WORK ITEM:
Within the entries below, find the lines that hold "hyperaemic" and report only how many there are.

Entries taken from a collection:
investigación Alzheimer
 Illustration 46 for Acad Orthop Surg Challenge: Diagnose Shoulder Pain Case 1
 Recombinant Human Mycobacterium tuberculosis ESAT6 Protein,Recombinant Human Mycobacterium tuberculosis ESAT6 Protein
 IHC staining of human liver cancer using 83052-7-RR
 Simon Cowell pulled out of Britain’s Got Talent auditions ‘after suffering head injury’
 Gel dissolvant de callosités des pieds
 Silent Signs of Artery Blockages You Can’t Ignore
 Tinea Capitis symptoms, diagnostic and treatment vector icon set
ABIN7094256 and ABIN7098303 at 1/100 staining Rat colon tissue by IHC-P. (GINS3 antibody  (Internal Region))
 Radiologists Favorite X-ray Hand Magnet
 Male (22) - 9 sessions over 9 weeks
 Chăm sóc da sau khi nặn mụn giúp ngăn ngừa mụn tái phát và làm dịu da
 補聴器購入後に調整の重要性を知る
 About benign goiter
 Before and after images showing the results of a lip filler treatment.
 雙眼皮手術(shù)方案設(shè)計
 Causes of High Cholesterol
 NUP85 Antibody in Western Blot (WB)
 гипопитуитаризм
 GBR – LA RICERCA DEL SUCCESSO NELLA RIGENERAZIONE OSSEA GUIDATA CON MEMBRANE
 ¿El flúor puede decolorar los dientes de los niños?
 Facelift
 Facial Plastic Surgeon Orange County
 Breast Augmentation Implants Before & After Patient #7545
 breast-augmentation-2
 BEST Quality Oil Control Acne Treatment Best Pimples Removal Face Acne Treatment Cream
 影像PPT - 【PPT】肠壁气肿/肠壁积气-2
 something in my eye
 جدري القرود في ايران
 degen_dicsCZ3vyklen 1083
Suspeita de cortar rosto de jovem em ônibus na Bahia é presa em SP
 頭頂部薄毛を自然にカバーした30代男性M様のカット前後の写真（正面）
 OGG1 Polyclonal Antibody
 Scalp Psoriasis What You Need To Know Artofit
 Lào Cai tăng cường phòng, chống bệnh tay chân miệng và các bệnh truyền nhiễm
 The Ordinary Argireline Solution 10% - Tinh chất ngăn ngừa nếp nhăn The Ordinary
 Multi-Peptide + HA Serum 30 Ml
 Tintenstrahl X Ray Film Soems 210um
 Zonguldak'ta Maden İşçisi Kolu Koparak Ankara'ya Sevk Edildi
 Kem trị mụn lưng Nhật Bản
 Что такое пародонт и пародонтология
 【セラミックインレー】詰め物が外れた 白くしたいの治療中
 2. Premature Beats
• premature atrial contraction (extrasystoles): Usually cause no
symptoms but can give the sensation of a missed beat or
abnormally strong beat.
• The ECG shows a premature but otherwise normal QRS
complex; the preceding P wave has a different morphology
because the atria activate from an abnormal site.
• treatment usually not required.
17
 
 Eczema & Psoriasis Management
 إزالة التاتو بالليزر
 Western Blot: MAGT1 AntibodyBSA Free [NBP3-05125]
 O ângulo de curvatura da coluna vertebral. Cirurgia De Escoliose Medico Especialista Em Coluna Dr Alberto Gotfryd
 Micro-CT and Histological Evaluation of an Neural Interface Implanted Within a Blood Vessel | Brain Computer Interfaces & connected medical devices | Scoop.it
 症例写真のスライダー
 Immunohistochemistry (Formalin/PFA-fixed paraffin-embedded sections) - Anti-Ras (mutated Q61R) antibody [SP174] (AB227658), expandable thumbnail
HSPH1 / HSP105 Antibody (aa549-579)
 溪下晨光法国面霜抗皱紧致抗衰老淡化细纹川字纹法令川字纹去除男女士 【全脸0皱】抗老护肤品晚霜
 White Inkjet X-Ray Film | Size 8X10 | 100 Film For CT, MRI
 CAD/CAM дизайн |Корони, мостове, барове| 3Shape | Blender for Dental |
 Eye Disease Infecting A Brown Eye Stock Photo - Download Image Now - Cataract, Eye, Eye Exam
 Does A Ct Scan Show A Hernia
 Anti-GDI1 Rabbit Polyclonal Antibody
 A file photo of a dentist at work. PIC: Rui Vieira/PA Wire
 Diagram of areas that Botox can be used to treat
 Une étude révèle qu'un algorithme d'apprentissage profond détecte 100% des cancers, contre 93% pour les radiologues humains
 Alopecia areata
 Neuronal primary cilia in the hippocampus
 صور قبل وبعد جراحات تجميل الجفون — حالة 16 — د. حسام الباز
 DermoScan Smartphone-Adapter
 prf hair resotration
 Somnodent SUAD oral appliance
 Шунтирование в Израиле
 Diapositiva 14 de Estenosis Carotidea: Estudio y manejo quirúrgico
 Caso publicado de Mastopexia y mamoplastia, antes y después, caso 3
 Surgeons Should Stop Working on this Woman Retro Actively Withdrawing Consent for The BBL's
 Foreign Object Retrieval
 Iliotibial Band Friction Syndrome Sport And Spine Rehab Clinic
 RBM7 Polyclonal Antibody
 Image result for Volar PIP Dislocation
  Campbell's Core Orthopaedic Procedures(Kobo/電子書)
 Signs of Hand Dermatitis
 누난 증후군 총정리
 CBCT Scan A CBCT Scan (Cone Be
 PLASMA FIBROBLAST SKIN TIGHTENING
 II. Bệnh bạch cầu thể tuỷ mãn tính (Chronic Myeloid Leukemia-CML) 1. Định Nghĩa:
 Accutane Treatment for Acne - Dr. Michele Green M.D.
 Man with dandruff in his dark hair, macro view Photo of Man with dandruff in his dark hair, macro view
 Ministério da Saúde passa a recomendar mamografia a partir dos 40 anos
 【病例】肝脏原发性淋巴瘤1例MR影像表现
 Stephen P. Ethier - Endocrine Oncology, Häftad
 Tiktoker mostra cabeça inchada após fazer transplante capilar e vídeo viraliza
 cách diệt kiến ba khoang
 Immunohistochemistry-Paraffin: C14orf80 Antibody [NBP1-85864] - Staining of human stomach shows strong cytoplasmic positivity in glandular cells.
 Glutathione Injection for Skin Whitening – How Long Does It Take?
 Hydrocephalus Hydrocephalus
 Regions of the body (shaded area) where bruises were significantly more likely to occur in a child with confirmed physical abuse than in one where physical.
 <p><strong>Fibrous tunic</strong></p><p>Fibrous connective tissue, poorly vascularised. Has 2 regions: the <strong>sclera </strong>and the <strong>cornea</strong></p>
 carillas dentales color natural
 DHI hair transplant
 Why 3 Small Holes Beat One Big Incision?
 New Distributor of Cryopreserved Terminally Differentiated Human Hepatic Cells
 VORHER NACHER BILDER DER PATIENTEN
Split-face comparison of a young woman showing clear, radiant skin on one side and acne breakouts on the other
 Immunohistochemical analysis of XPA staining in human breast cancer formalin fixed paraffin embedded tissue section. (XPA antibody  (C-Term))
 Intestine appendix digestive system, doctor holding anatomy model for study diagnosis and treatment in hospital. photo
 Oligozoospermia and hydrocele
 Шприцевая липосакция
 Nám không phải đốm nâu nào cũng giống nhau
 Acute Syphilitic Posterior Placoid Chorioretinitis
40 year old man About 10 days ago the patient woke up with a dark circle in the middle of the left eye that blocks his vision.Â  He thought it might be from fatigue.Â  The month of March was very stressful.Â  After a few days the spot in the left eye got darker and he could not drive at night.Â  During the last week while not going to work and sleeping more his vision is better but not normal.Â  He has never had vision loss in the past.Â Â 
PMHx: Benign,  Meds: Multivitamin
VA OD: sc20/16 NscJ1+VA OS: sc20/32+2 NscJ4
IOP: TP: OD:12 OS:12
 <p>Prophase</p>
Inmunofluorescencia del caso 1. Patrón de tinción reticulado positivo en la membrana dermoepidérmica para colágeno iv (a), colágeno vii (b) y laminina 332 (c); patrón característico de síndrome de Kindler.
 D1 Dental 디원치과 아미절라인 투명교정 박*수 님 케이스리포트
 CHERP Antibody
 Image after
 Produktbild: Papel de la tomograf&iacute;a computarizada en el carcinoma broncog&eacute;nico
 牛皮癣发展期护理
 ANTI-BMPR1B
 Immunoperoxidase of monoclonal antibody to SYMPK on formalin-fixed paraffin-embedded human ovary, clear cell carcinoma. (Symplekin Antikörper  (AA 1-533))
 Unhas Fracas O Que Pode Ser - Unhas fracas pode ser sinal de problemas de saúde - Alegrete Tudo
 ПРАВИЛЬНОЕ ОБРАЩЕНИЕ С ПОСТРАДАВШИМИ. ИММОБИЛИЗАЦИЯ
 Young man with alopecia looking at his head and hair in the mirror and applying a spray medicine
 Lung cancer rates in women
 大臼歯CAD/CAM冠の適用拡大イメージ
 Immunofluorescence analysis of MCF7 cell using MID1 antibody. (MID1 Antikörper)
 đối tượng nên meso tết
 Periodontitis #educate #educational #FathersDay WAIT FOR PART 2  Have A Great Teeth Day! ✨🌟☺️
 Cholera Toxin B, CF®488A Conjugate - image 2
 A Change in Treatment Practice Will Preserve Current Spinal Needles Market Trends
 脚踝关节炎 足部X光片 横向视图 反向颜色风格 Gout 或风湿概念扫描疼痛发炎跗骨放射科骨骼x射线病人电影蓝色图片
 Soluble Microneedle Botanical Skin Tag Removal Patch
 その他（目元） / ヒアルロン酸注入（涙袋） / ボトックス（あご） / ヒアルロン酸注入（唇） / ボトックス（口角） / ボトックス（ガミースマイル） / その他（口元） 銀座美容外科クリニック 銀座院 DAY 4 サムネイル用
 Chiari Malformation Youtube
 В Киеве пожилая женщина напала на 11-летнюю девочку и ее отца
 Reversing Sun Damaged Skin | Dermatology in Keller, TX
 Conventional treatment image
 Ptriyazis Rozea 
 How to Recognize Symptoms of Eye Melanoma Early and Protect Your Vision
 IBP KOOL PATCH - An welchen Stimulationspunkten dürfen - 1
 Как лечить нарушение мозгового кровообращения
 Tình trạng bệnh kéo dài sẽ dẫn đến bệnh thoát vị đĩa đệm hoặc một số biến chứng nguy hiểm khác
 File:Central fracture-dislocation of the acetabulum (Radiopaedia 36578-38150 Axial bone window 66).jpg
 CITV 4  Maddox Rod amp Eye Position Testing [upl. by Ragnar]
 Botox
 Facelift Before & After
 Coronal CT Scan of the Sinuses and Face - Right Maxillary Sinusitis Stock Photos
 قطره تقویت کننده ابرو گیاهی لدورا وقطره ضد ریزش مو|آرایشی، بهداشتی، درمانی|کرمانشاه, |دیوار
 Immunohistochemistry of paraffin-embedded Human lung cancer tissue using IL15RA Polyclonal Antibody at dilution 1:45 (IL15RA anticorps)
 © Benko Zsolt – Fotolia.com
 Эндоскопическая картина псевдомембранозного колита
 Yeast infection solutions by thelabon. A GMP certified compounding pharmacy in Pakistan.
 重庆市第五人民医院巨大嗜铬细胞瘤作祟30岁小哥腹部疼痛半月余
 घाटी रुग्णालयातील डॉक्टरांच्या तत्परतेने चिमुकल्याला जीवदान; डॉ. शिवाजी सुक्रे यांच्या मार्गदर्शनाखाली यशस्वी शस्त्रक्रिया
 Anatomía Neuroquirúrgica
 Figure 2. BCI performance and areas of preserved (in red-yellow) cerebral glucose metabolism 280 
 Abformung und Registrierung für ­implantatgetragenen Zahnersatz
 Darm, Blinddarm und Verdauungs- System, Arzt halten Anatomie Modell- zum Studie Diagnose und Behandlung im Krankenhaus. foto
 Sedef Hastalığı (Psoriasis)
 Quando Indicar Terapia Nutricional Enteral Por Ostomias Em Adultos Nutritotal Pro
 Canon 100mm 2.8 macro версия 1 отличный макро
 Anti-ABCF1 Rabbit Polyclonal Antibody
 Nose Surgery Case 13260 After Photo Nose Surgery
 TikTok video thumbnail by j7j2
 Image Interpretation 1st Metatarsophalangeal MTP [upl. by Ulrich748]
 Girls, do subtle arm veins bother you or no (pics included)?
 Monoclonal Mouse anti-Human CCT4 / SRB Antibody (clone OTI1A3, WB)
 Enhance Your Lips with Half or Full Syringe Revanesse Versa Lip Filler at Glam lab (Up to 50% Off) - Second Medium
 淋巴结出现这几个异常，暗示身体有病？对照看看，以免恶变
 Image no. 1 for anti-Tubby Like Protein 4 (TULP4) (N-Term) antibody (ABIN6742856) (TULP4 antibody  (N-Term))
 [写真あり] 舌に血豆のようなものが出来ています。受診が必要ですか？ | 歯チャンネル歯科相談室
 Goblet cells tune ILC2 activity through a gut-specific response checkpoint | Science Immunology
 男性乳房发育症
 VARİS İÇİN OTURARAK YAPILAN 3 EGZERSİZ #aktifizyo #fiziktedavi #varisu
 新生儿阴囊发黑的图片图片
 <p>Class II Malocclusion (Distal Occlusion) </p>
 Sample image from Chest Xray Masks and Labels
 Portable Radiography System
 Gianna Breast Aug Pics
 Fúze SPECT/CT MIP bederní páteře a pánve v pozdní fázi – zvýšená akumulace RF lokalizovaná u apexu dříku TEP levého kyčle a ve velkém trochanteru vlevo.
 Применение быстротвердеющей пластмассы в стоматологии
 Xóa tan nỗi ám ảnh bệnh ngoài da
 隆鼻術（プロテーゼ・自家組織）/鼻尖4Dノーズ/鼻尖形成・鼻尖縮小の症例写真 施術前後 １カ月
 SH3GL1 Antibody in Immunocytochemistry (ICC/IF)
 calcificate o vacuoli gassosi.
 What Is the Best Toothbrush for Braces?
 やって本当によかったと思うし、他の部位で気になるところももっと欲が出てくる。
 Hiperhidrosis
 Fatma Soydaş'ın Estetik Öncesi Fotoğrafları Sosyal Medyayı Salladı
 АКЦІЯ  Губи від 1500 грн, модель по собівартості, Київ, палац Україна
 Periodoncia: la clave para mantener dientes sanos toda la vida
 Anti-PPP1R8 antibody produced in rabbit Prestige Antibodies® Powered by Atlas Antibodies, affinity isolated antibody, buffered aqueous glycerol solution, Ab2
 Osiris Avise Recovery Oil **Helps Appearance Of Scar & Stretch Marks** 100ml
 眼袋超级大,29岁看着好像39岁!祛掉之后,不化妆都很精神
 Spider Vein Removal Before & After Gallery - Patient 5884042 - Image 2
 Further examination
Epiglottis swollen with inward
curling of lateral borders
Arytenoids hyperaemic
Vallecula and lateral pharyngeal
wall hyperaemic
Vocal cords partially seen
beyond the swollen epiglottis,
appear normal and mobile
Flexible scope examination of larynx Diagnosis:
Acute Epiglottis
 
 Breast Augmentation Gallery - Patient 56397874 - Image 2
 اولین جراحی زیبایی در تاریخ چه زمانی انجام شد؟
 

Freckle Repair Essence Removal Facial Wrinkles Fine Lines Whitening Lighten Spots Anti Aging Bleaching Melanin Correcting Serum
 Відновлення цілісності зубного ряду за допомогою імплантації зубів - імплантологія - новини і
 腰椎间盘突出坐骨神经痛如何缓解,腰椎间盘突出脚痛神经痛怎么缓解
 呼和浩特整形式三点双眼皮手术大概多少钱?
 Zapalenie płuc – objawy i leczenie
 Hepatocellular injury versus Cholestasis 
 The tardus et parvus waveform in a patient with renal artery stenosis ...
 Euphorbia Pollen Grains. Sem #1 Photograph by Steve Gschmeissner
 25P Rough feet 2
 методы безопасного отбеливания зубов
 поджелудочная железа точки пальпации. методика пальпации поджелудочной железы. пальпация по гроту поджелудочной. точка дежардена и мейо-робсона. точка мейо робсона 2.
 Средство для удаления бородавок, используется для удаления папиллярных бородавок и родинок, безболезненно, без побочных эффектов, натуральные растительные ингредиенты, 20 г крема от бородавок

RESULT:
2